* What is required: Output exactly the lines below, starting with the line that has "16757-tailored-flare-leg-pants-3.webp Tailored Flare" and going on through the line that has "białym na koturnie", both included, and no other lines.

* Records for processing:
- - -

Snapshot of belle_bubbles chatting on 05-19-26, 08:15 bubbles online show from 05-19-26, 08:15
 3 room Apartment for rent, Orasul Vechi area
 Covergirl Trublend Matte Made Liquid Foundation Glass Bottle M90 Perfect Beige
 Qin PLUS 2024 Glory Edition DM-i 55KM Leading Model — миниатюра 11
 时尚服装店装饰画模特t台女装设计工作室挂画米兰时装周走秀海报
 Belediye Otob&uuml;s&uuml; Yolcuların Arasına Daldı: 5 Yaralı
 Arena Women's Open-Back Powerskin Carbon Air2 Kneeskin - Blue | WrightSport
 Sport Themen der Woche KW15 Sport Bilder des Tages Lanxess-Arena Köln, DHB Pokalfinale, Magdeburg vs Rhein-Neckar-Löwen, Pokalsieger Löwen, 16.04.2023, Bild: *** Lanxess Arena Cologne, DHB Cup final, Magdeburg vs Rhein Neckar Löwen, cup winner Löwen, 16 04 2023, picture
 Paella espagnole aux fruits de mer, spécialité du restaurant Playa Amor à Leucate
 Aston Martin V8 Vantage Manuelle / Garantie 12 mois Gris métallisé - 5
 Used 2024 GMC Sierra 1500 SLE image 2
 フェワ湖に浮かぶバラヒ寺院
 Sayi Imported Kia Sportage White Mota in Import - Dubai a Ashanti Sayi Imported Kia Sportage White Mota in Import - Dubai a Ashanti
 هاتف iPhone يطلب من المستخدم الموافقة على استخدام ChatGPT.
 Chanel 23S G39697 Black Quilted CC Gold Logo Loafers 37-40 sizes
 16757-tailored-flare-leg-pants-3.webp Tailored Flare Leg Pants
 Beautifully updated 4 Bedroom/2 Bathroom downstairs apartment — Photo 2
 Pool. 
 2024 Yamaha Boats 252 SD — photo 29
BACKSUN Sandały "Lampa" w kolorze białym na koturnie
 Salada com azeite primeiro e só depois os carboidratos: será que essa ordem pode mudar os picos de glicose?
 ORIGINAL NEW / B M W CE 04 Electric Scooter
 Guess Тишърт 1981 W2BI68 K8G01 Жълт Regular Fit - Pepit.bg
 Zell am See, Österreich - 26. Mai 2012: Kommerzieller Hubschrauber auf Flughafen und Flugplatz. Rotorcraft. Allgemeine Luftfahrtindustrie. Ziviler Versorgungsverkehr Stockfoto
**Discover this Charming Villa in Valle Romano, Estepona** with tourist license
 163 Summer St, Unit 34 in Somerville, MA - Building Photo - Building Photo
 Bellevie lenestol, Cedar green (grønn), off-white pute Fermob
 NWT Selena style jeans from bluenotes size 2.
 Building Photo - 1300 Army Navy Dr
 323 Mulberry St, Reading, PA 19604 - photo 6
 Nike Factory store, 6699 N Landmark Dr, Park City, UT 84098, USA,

- - -

* Reply to the task:
 16757-tailored-flare-leg-pants-3.webp Tailored Flare Leg Pants
 Beautifully updated 4 Bedroom/2 Bathroom downstairs apartment — Photo 2
 Pool. 
 2024 Yamaha Boats 252 SD — photo 29
BACKSUN Sandały "Lampa" w kolorze białym na koturnie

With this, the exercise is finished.